## Task item
Starting at the first line, reproduce the listing below in full, exactly as given.

## Records shown
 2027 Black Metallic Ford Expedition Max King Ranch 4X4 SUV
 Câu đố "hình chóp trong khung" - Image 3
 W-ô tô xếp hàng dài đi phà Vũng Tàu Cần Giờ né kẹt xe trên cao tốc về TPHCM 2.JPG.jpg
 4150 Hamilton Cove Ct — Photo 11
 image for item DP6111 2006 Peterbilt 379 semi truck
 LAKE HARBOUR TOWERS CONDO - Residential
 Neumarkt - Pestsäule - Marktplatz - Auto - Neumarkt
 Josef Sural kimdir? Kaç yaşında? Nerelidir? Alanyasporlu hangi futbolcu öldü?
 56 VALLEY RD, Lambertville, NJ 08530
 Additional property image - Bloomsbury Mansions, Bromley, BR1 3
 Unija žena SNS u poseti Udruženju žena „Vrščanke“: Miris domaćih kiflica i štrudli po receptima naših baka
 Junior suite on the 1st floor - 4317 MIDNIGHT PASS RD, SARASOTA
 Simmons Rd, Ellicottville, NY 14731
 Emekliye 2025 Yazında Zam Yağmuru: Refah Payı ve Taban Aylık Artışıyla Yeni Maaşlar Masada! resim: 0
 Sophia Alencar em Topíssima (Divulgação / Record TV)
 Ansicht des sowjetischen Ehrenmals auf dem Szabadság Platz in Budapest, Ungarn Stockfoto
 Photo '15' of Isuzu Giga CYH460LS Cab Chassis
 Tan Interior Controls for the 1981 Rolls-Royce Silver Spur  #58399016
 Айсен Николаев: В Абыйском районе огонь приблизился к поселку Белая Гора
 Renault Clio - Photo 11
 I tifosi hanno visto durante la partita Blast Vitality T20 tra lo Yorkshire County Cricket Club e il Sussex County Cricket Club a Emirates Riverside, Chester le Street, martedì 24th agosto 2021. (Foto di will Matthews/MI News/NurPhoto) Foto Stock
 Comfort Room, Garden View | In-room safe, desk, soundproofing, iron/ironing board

## Completed task
 2027 Black Metallic Ford Expedition Max King Ranch 4X4 SUV
 Câu đố "hình chóp trong khung" - Image 3
 W-ô tô xếp hàng dài đi phà Vũng Tàu Cần Giờ né kẹt xe trên cao tốc về TPHCM 2.JPG.jpg
 4150 Hamilton Cove Ct — Photo 11
 image for item DP6111 2006 Peterbilt 379 semi truck
 LAKE HARBOUR TOWERS CONDO - Residential
 Neumarkt - Pestsäule - Marktplatz - Auto - Neumarkt
 Josef Sural kimdir? Kaç yaşında? Nerelidir? Alanyasporlu hangi futbolcu öldü?
 56 VALLEY RD, Lambertville, NJ 08530
 Additional property image - Bloomsbury Mansions, Bromley, BR1 3
 Unija žena SNS u poseti Udruženju žena „Vrščanke“: Miris domaćih kiflica i štrudli po receptima naših baka
 Junior suite on the 1st floor - 4317 MIDNIGHT PASS RD, SARASOTA
 Simmons Rd, Ellicottville, NY 14731
 Emekliye 2025 Yazında Zam Yağmuru: Refah Payı ve Taban Aylık Artışıyla Yeni Maaşlar Masada! resim: 0
 Sophia Alencar em Topíssima (Divulgação / Record TV)
 Ansicht des sowjetischen Ehrenmals auf dem Szabadság Platz in Budapest, Ungarn Stockfoto
 Photo '15' of Isuzu Giga CYH460LS Cab Chassis
 Tan Interior Controls for the 1981 Rolls-Royce Silver Spur  #58399016
 Айсен Николаев: В Абыйском районе огонь приблизился к поселку Белая Гора
 Renault Clio - Photo 11
 I tifosi hanno visto durante la partita Blast Vitality T20 tra lo Yorkshire County Cricket Club e il Sussex County Cricket Club a Emirates Riverside, Chester le Street, martedì 24th agosto 2021. (Foto di will Matthews/MI News/NurPhoto) Foto Stock
 Comfort Room, Garden View | In-room safe, desk, soundproofing, iron/ironing board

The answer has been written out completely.